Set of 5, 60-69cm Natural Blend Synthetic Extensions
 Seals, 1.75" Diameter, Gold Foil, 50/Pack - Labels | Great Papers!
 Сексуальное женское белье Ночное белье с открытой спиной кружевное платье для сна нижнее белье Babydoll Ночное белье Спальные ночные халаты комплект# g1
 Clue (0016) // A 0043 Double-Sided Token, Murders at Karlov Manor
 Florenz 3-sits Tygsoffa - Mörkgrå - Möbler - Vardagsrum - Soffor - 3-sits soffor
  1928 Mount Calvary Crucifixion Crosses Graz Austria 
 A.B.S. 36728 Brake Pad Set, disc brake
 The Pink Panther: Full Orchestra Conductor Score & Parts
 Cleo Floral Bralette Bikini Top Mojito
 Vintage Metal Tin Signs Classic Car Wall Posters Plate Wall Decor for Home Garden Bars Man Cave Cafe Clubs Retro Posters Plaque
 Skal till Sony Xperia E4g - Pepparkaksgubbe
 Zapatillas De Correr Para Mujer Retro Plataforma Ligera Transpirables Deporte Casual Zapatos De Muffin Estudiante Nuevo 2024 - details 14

Instructions for the task:
Using the material above, please reproduce each line exactly.

Exercise solution:
Set of 5, 60-69cm Natural Blend Synthetic Extensions
 Seals, 1.75" Diameter, Gold Foil, 50/Pack - Labels | Great Papers!
 Сексуальное женское белье Ночное белье с открытой спиной кружевное платье для сна нижнее белье Babydoll Ночное белье Спальные ночные халаты комплект# g1
 Clue (0016) // A 0043 Double-Sided Token, Murders at Karlov Manor
 Florenz 3-sits Tygsoffa - Mörkgrå - Möbler - Vardagsrum - Soffor - 3-sits soffor
  1928 Mount Calvary Crucifixion Crosses Graz Austria 
 A.B.S. 36728 Brake Pad Set, disc brake
 The Pink Panther: Full Orchestra Conductor Score & Parts
 Cleo Floral Bralette Bikini Top Mojito
 Vintage Metal Tin Signs Classic Car Wall Posters Plate Wall Decor for Home Garden Bars Man Cave Cafe Clubs Retro Posters Plaque
 Skal till Sony Xperia E4g - Pepparkaksgubbe
 Zapatillas De Correr Para Mujer Retro Plataforma Ligera Transpirables Deporte Casual Zapatos De Muffin Estudiante Nuevo 2024 - details 14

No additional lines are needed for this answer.